結論、真人ちゃんのおっぱいはとても柔らかかった。


それはもう、フワフワのマシュマロデカパイだった。
でも偽物だった、残念なことに模造品だったのだ。

けれど彼女のおっぱいが柔らかかったことは紛れもない事実であり、例え偽物だったとしても価値のある偽物だった。芸術的価値のある、美しき贋作だった。

まあそのフワフワマシュマロおっぱいを、私はめちゃくちゃにしてしまったのだが。
いやこの言い方だと私がドスケベ破廉恥野郎みたいだな…訂正しておこう。

私は真人ちゃんのおっぱいをグチャグチャにした。

………いや、やっぱり結果としてどう説明してもドスケベ破廉恥野郎になるな。何でだろう、傑さんはなんでだと思う?

「君のオツムが残念だからだろうね」

そうかそうか、ならばもう諦める他無いだろう。


ということで、あれからの話をしよう。

怪傑の定理がどのような解答を出したのか、何をどうして私は無事なのか。

全てを話してご覧にいれよう。

良い子のみんな、私の話をその目で聞いてくれ。
では、はじまりはじまり。




___





私と傑さんが…というよりも、傑さんが殆ど一人で編み出した新技「怪傑の定理」は所謂「神罰」である。


神罰……とは、神の与える罰である。

神……とは、信仰の対象である。

罰……とは、悪事に対する報いである。


そして、私にとっての神とはこの場合傑さんのことを指し示す。

つまりメカニズムとしてはこうだ。
私(信者)に悪事が働かれる→それに傑さん(神)が罰を与える。

以上、終わり。

では今回どんな罰が真人ちゃんに与えられ、成敗されたのかについて今度は説明していこう。

以下、回想。






私に放たれた呪いは意味を成さなかった。
殆ど得体の知れぬ者共に食われて終わった。
食べ残された呪力の残骸も、グチャグチャと気色の悪い粘着音を立てながら競うように闇へと喰われて消えていく。

私は、魂までをも呪われている。

このイカれてラリラリな頭の中だけじゃない、無防備な心だけではない、魂まで異形の神々に愛されて(呪われて)いる。

だからそう、真人ちゃんが触れた所で意味など無いのだ。
もう私の魂は神様達の物だから、そちらで管理されているから、真人ちゃんが触れてどうにかなる問題じゃない。


「真人ちゃん、呪力を捧げてくれてありがとうね」


左胸、心臓と呼ばれる臓器があるべき場所がグチャグチャの肉塊と化した真人ちゃんは、信じられないと言わんばかりの目をしてこちらを見てきた。

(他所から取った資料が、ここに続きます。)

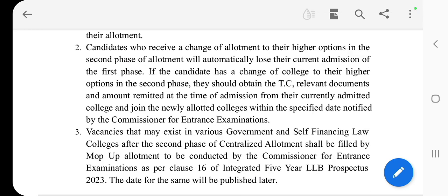Vacancies that may exist in the various government and self-financing law colleges after the second phase of centralized allotment shall be filled by mop-up allotment.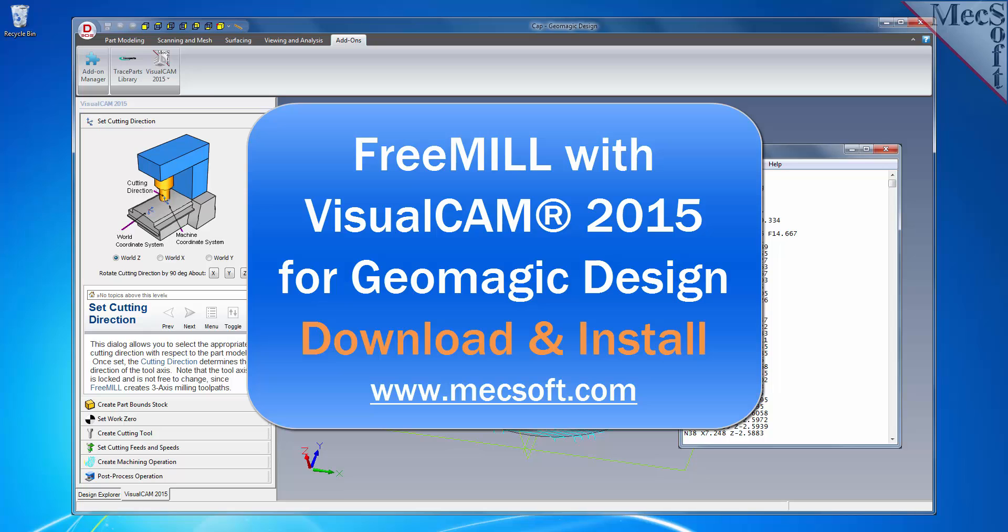For further assistance, you can visit the online help supplied with the program or visit www.mecsoft.com for additional tutorials. Thank you.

己が放った呪いが捧げ物として受け入れられ、喰われて、代わりに返って来たのは別の呪い。


神罰、怪傑の定理。


傑さんを主軸とした、精霊による呪い返し。

本来精霊の降臨や接続は、私を介入してでないと成り立たないことなのだが、この技はその過程をすっ飛ばして傑さんが「おりゃっ!」ってやれば精霊達も一緒に「オラオラオラー!」ってやれちゃうのである。

つまり、スーパースグルキャノンなのだ!!
しかも相手の呪力を使うから燃費も良い!
その代わり、傑さんはめちゃめちゃ疲れるらしいが。

それもそのはず、自分に得体の知れない呪いだか何だか知らない気持ち悪いパワーが流れ込むわけだ。そりゃめちゃんこ疲れるに決まっている。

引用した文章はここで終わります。